Kachru held many influential offices and received many prestigious honors. He directed the Linguistic Institute of the Linguistic Society of America in 1978.; he was Sir Edward Youde Memorial Fund Visiting Professor at Hong Kong University (1998) and a Visiting Professor at National University of Singapore; an Honorary Fellow of English and Foreign Languages University, Hyderabad, and President of the American Association for Applied Linguistics (1984) and the International Association for World Englishes (1997-99). His book, The Alchemy of English: The Spread, Functions and Models of Non-Native Englishes, was conferred the English Speaking Union of the Commonwealth prize for the best book on English. He was a sought after Keynote Speaker at universities and professional conferences all over the U.S, India, and Asia.

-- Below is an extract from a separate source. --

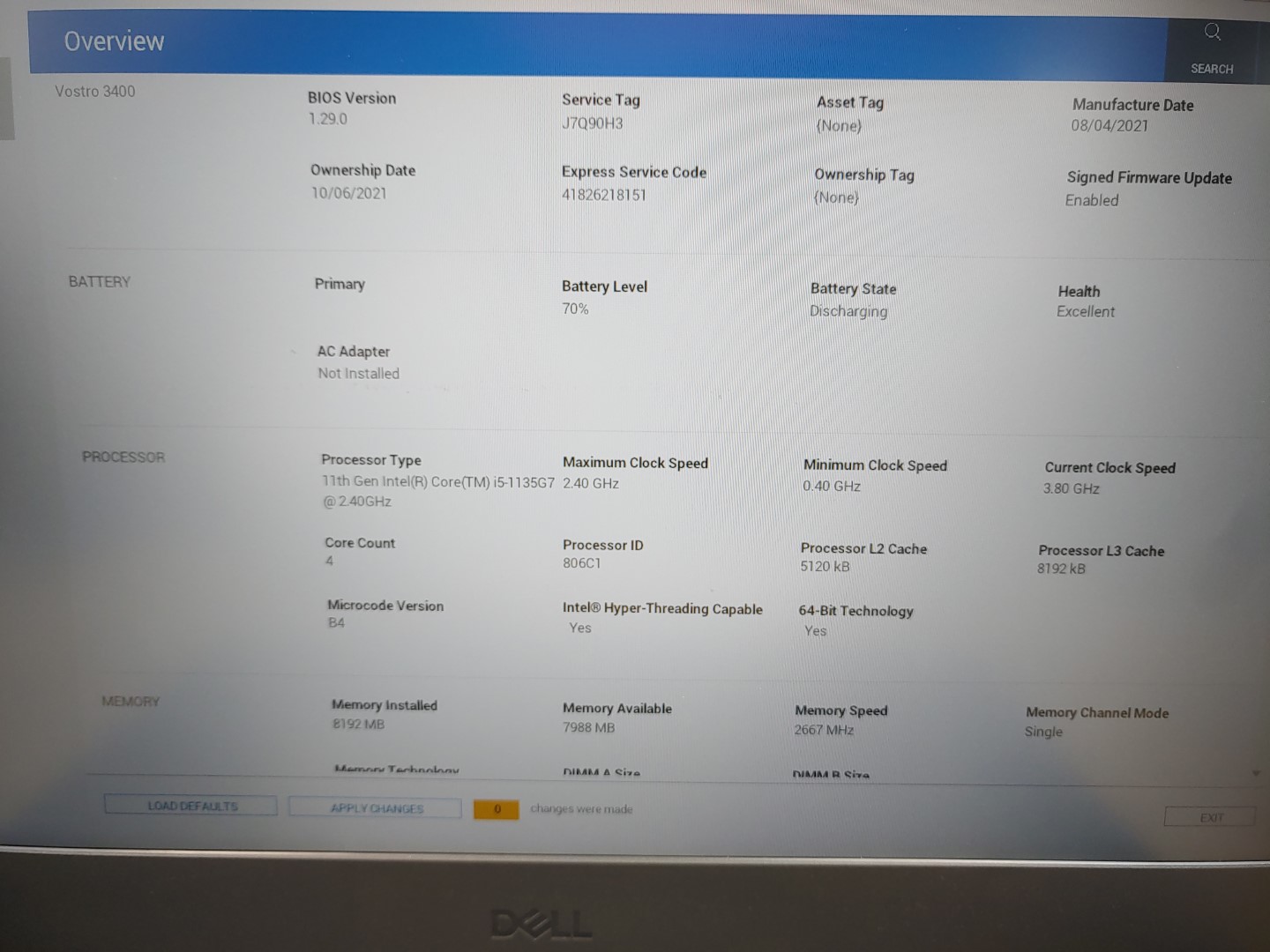 Dell Vostro 3400 14" Intel i5-1135G7✔8GB✔256GB SSD✔ **NO OS/NO AC** **READ** - Image 10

Professor Kachru was a larger than life figure who left an indelible impression on everyone he met, from students to luminaries of the field. He was an encyclopedic and meticulous scholar, a critical but respectful admirer of tradition, an open-minded integrator of scholarship from every culture, Asian, African, European, and American, an imaginative institution builder, and a confident, fearless, visionary intellectual. He was also an inspiring teacher, passionate public speaker, a caring mentor, a supporting colleague, and a charismatic raconteur. At Urbana, he and Yamunaji were an institution. They trained generations of well-rounded linguists. These beloved gurus are now, in the words of Abhinavagupta, the greatest of Kashmiri scholars whose millennial anniversary we celebrate this year, kiirti maatra shariira (present only through their fame), but they will be missed by their world-wide, extended family of scholars and students.